With-html-output does little by itself. Almost all of the work is done by three functions: tree-to-templateprocess-tag, and convert-tag-to-string-list. Most of the time these functions call one another recursively in order to process the entire DSL. It is possible to customize the control flow, but I will get to that later. Here is a link to a gist of the output after tracing all of the functions and using macroexpand-1 to expand a simple example. The example only shows what happens when using basic tags in CL-WHO. It doesn’t show what happens when you embed Lisp expressions in the DSL.

Tree-to-template is the entry point into the compilation process. It loops through the DSL tree, and builds up a “template”. A template is just a list of strings and expressions. The strings in the template contain HTML and are meant to be printed directly to the HTML stream. On the other hand, the expressions contain code that will print objects to that stream. Eventually all of this output put together will be the desired HTML. As tree-to-template loops through the code, if it sees a non-tag, it will just collect that into the list.1 When it does see a tag, tree-to-template calls process-tag to process it, and then concatenates the result of that into the template.

Process-tag will extract the tag as well as the attribute list. Everything after the attribute list makes up the “body” of the tag. How is the body processed? Well, process-tag takes an additional argument, body-fn, which specifies how to process the body. Process-tag will then call convert-tag-to-string-list with the tag, the attribute list, the body, and body-fn. The reason process-tag doesn’t process the body itself is that convert-tag-to-string-list is a generic function, making it possible to customize its behavior.

Convert-tag-to-string-list handles the semantics of the tag. It takes all of the arguments above and returns a list of strings and expressions. That list will become part of the template eventually returned by tree-to-template. Since convert-tag-to-string-list is a generic function, it is possible to extend it. The documentation for CL-WHO gives an example of how one could create a custom “red” tag which changes the font of the text to red, even though there is no such HTML tag. In the default case, convert-tag-to-string-list takes the result from calling body-fn on body and surrounds that with strings for the opening and closing tags.
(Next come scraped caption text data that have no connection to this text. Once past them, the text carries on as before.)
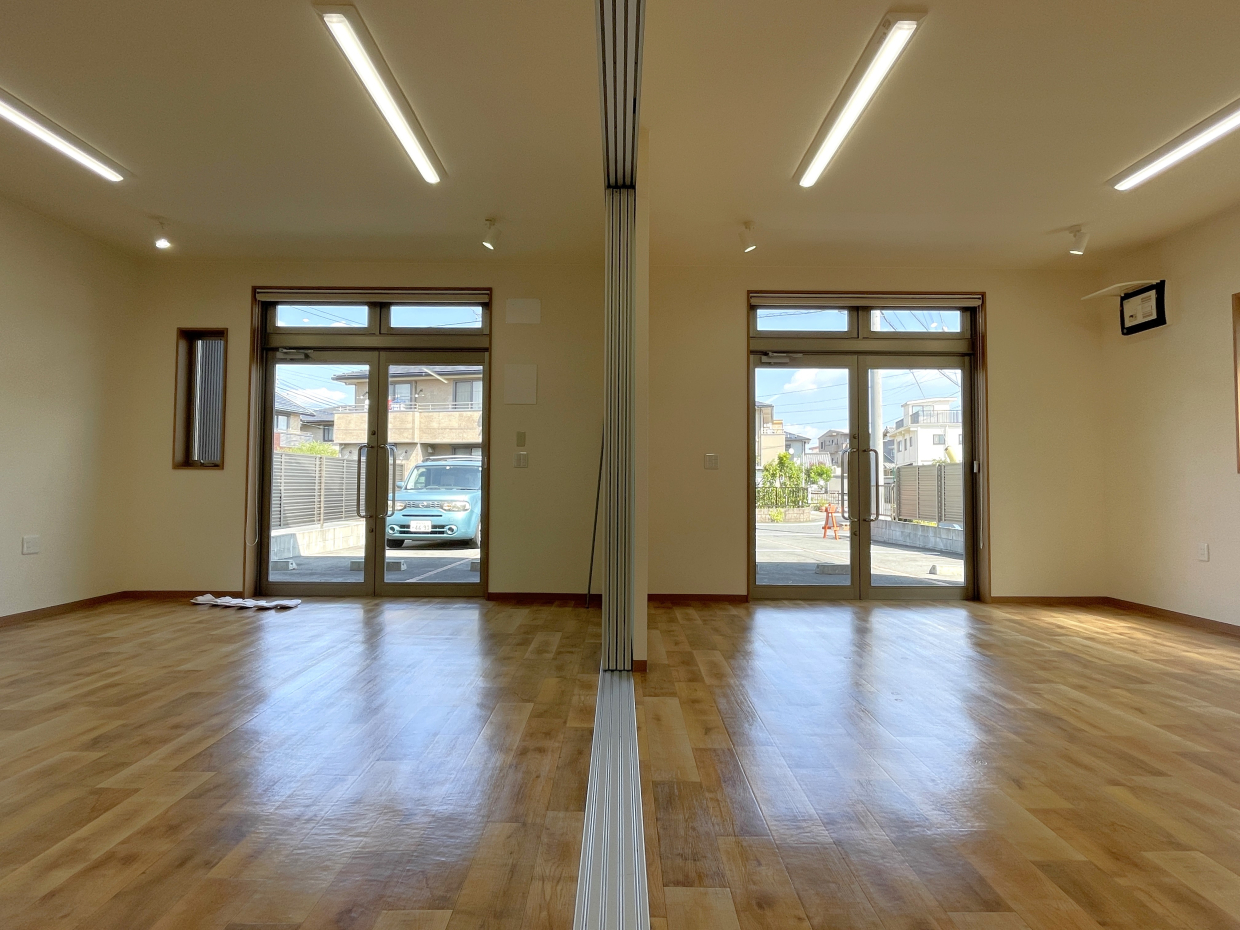 外からの出入りはどちらにも可能です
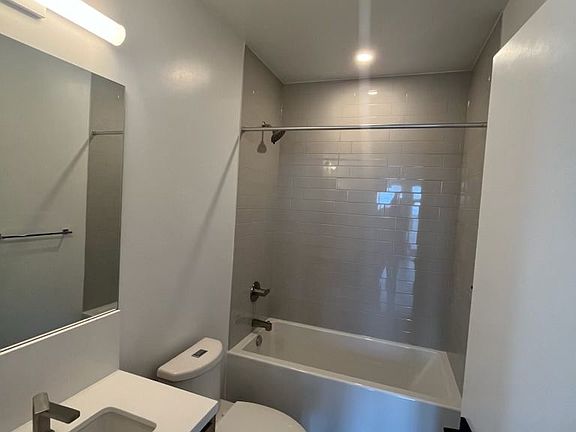 4th image of 319 Jarvis St #Penthouse 03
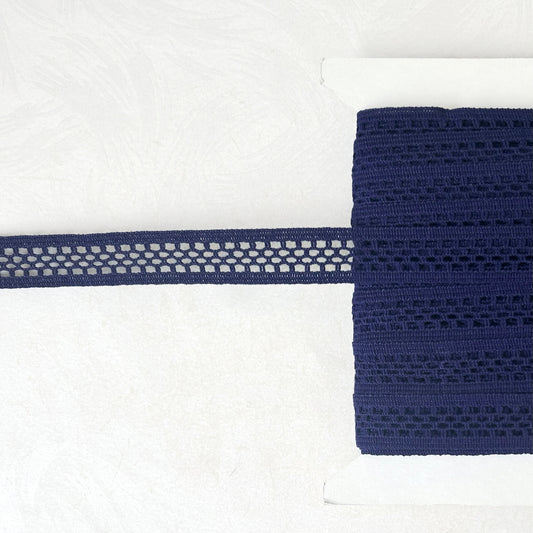 Cotton_Ladder_Cluny_Lace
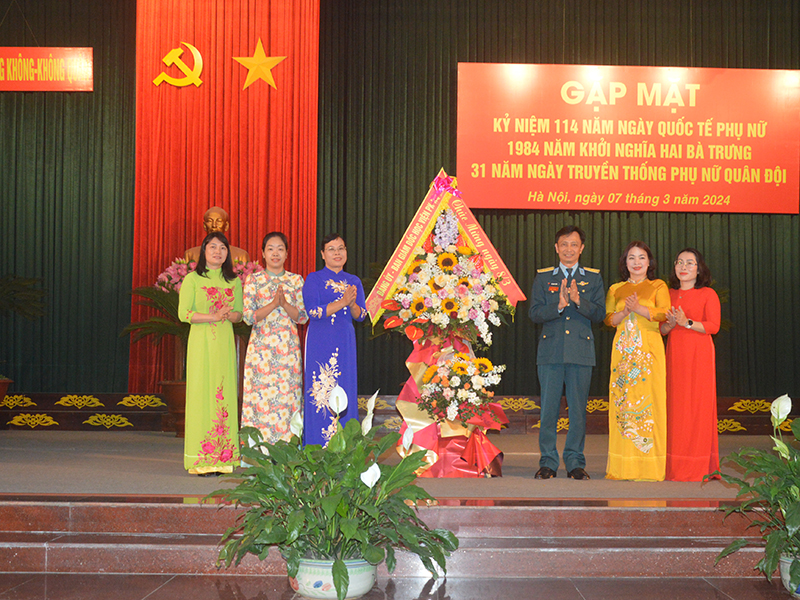 Các cơ quan, đơn vị trong Quân chủng Phòng không - Không quân gặp mặt kỷ niệm 114 năm Ngày Quốc tế Phụ nữ 8-3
Since convert-tag-to-string-list is customizable, it is possible to change the control flow and ultimately how the body is processed. If one wanted, they could make a call to process-tag, but with a different body-fn argument, changing how the code is processed further up (down?) the tree.

With the help of these functions with-html-output converts the DSL into a template. The template is then turned into a list of valid Lisp code.2 With-html-output then wraps the body with a macrolet which binds several local macros. These macros are: htm, fmt, esc, str. These macros make it easier to print objects to the stream used for output. Check out the documentation for CL-WHO for a more detailed description of what these macros do.

I really like CL-WHO. It is a great example of an embedded DSL. A Lisp hacker still has full access to Lisp from within what is a great DSL. The only problem I have with CL-WHO is the inability to have macros expand into code for the DSL. This decreases the flexibility of CL-WHO somewhat. The only way I can see to fix this problem would be to use a library such as :hu.dwim.walker to expand all of the macros in advance.